Ces dernières semaines ont été éprouvantes pour les chauffeurs, comme Gerd. Ce conducteur belge attend depuis deux heures pour aller se garer pour la nuit : "Entre les migrants, les policiers, tout le trafic, toutes ces heures d'attente, c'est difficile", confie-t-il.
"Un camion à l'arrêt, c'est un euro la minute"
À l’approche du Brexit, les entreprises britanniques ont passé des commandes pour faire des stocks et s’épargner, au moins pendant un temps, les formalités supplémentaires et les droits de douane qu’il pourrait y avoir au 1er janvier. Résultat, entre 9 et 10 000 camions par jour arrivent à Calais pour passer la Manche, au lieu de 4 à 5 000. Parfois, les chauffeurs attendent pendant dix heures. C’est un lourd coût pour les entreprises. "Un camion à l'arrêt, c'est un euro la minute. Donc une heure, c'est 60 euros de perte pour l'entreprise qui sont difficilement répercutables sur leur client", explique Sébastien Riveira, de la Fédération des transports routiers du Pas-de-Calais.
Le trafic devrait être moins dense à partir de janvier. Mais ça ne le rassure pas complètement : "Il y aura de nouvelles procédures. Les transporteurs et leurs clients devront opérer des formalités douanières, à l'export, à l'import. Des déclarations de sécurité également. Le port et le tunnel sont des mécaniques qui ne supportent pas le moindre grain de sable." Il poursuit : "Quelques minutes supplémentaires de temps de passage pour les poids-lourds vont générer des files d'attente que l'on connaît aujourd'hui. Il y aura forcément une période de rodage que l'on craint."
Une déclaration de marchandises sur internet
Les douanes ont dû se réorganiser.
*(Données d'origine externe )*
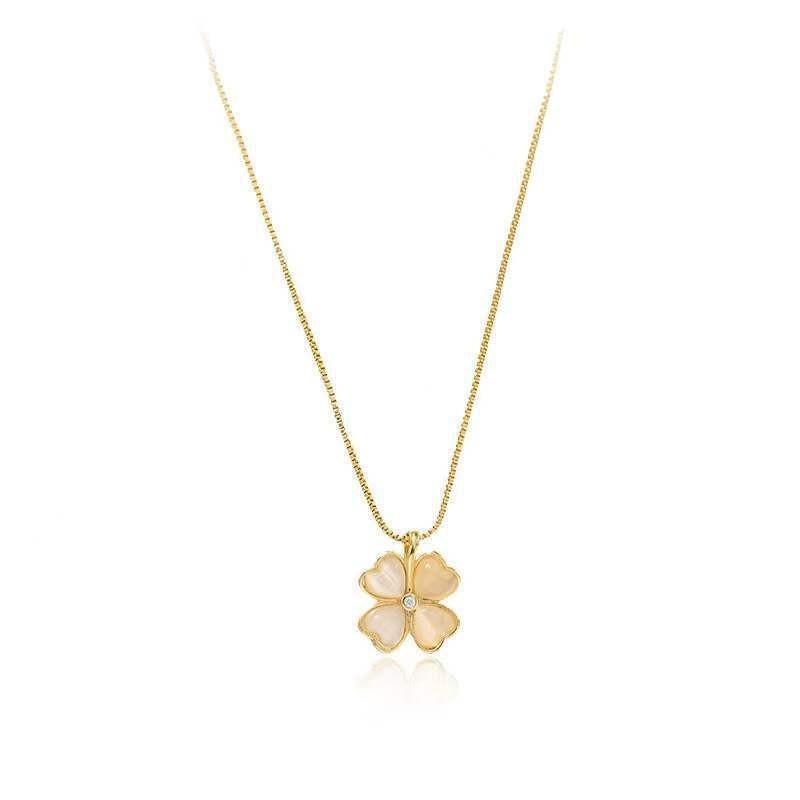 Korean Style Four-Leaf Clover Colorfast Titanium Steel Necklace for Women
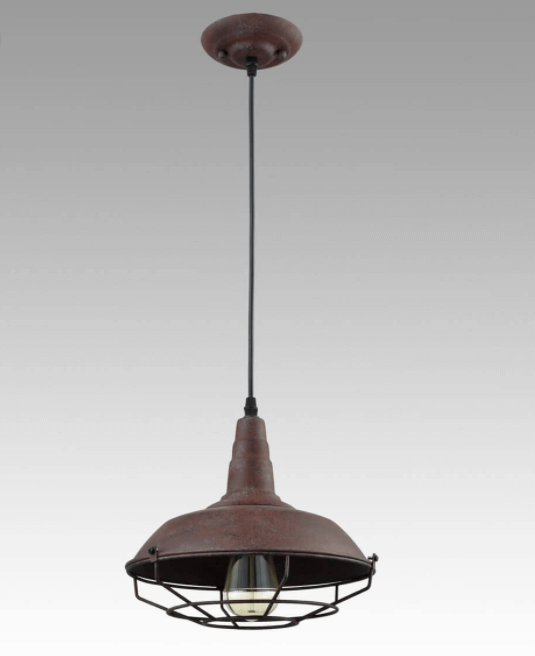 Industrial Farmhouse Rust Finished Metal Cage Pendant Light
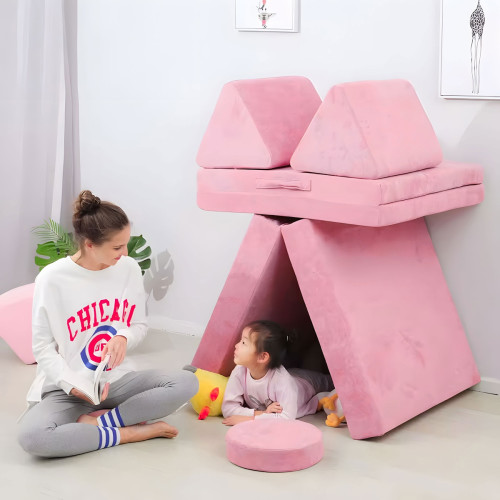Veľká detská modulárna skladacia pohovka DIY, 8 mäkkých vankúšov - ružová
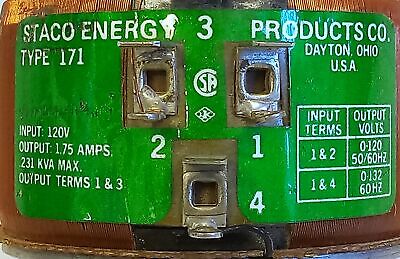 STACO ENERGY 171 125 VAC 1.75 A 0.231 kVA Variable Transformer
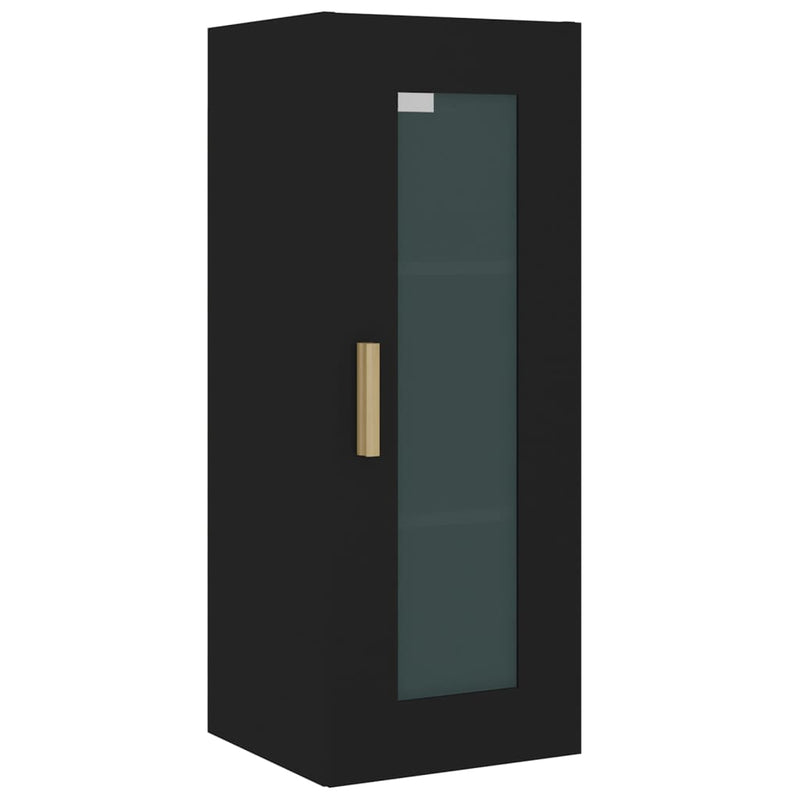 Hanging Wall Cabinet Black 34.5x34x90 cm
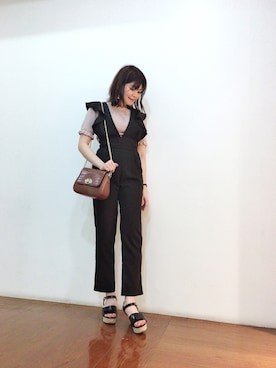 「Supreme.La.La.（シュープリームララ）のアイテム（パンツ）」を使った、Natsumi Sudoさん（レディース・160cm）の夏コーディネート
Elles ont embauché 700 personnes au total dont une partie sera affectée à Calais. Mais les agents évaluent encore mal les possibles conséquences de cette nouvelle frontière. "On ne sait pas si les sociétés de transports sont prêtes pour cette révolution dans l'économie européenne, s'inquiète Gioacchino Garulli, de la CGT régionale douanes. On ne connaît pas le délai de préparation des chauffeurs routiers. Ce sont souvent des routiers qui arrivent de pays de l'est, qui n'ont pas la maîtrise de la langue, ni française, ni anglaise. Il y a aussi la barrière de la langue qui risque d'être un facteur en plus."
Pour fluidifier le trafic, la douane a mis en place une déclaration de marchandises sur internet. Normalement, les chauffeurs doivent donc arriver à Calais avec un code barre pour faciliter leurs démarches. Le port de Calais se dit paré à les accueillir : "Le Brexit pour nous n'est pas synonyme de chaos", promet Jean-Marc Puissesseau, le patron du port de Calais. "Cela fait deux ans que l'on travaille sur la situation, on a travaillé avec les douanes, on a fait des répétitions, je ne suis pas inquiet, je suis serein", assure-t-il.
Le port de Calais, actuellement en travaux, doit quasiment tripler sa surface en mai, ce qui permettra de stocker plus de camions, et faciliter les éventuels contrôles douaniers.